Глум спал с лица. Посмотрел на Алену с нескрываемым испугом.
— К Яге-е?
— Ну да. А что тут такого?
— Н-не боишься? — леший, от испуга даже стал заикаться.
— А что ее боятся? Она бабушка добрая.
— Угу. Добрая, — Глум нервно закивал. — Кто ж спорить-то станет. Добрая… В пенек вот меня обратить обещала, ежели я буду ее беспокоить.
— Так ты и не беспокой. Отведи меня к полянке, где избушка ее стоит.
Глум замотал головой.
— Не отведу. Один пророс. Другого в пенечек. Это ж лес совсем беспризорный останется…
— Да Буба меня отводил к ней уже! Ничего она ему не сделала. Знает она меня. Только рада будет. Почитай год не виделись!
— Год?.. — Глум как-то совсем по-другому глянул на девушку. — Уж не та ли ты будешь Алена, что Бубе шишечки подарила? Богатырям диким сестрица, Яге подружка, и сам царь Морской тебе — кум?
— Та самая, — улыбнулась Алена. — Раз ты такой боязливый, может, все-таки проводишь меня к Бубе? Он тебе точно скажет, можно ли меня к Яге проводить.
— Ну хорошо, — вздохнул леший. — Пошли. Давай руку, чтоб побыстрее.
Бежать за лешим по его тайным тропкам — занятие не из легких. Споткнувшись очередной раз, Алена спросила:
— Далеко еще?
— Далеко-о, — «обнадежил» Глум.
— А коротких тропинок у вас в лесу разве не проложено? Что-то Буба меня, помнится, быстрее по лесу водил.

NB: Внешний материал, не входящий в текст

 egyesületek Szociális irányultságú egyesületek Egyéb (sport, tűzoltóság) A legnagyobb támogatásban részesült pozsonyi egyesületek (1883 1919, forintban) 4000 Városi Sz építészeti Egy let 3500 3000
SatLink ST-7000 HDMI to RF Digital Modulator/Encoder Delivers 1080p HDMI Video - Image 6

— Так дорожки-то те заповедные одному ему ведомы. А показать их он не может — в землю врос. Вот я и бегаю. Своих дорог проложил парочку, а больше боюсь — как бы его пути не повредить… У него ить весь лес чудной какой-то. Не чета другим. Одно слово — Заповедный… Скорей бы уж Буба искоренился. А то сил никаких не хватает, следить тут за всем… Зверь вот уходит. Дерева болеть стали… А все ты, между прочим, с шишечками своими!

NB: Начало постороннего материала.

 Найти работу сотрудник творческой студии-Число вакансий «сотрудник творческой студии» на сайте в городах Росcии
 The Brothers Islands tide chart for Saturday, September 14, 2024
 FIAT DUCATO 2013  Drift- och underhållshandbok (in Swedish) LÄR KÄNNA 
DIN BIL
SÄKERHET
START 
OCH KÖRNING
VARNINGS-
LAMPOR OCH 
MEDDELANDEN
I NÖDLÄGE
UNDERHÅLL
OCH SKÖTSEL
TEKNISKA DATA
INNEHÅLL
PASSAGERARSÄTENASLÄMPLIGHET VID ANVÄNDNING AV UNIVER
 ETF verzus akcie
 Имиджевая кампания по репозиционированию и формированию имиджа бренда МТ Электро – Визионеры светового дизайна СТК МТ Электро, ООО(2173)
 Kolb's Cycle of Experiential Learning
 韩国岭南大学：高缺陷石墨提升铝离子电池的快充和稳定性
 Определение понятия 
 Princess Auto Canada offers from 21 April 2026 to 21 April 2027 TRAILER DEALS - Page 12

Алена чуть не задохнулась от возмущения.
— Я?.. Да при чем тут я?..
— Шишечки ты ему подарила? А он, возьми да и съешь одну… Ума-то нету. Омолодиться ему, понимаете, захотелось, старому хрену! Вот и омолодился, сверх всякой меры. Аж побеги из ушей пошли. Зеле-ененкие! А Глум теперь — бегай, разбирайся… А у меня, между прочим, пока я тут тружусь в поте лица, в моем родном лесу гусеницы на листву напали. Да и Параська, кикимора моя, боюсь, пока я в отсутствии, соседскому лешему всех белок в зернь проиграет. Она ить до игры эх, кака охочая!.. Вот чую! Проиграет всех белок ему, да еще, гляди, за зайцев примется!
Если бы даже Алена хотела как-то возразить Глуму, то не сумела бы, так быстро они бежали. Одно хорошо — кусты и коряги, похоже, слушались лешего, и торопливо расступались, очищая им путь, так что, чуть приноровившись, можно было бежать за Глумом не спотыкаясь. Наконец они выскочили на поляну, и Алена изумленно замерла, глядя на росший посреди поляны молодой дубок, удивительно похожий на Бубу.
— О! Здравствуй, Аленушка! — проскрипел дубок, радостно замахав ветвями. — А я уж думал, больше не свидимся. Давно ты у нас?
— С утра.
Алена подошла к дубку поближе, обошла его со всех сторон. Это был Буба, точно такой, каким она помнила его. Только ноги лешего теперь срослись и пустили глубокие корни, а руки и голова дали молодые зеленые побеги, образовав небольшую но довольно лохматую крону. Кора на Бубе была теперь молодая, свежая. И цвет лица у него был какой-то зеленоватый.
— Ну рассказывай, как это тебя угораздило?
Буба потупился и понурил руки-ветви.
— Да, вот, зимой меня совсем поясница замучила. Все ломит и ломит. Да и кора шелушиться стала чего-то. И нет чтоб отваром каким, или настойками полечиться. Решил я разом, так сказать, все болезни того… Ну, то есть, волшебную шишечку съесть, омолодиться. Дело-то верное… Ну и съел по весне одну из тех, что ты мне тогда дала…
— И хватило же у дурня ума!.. — укоризненно покачал головой Глум.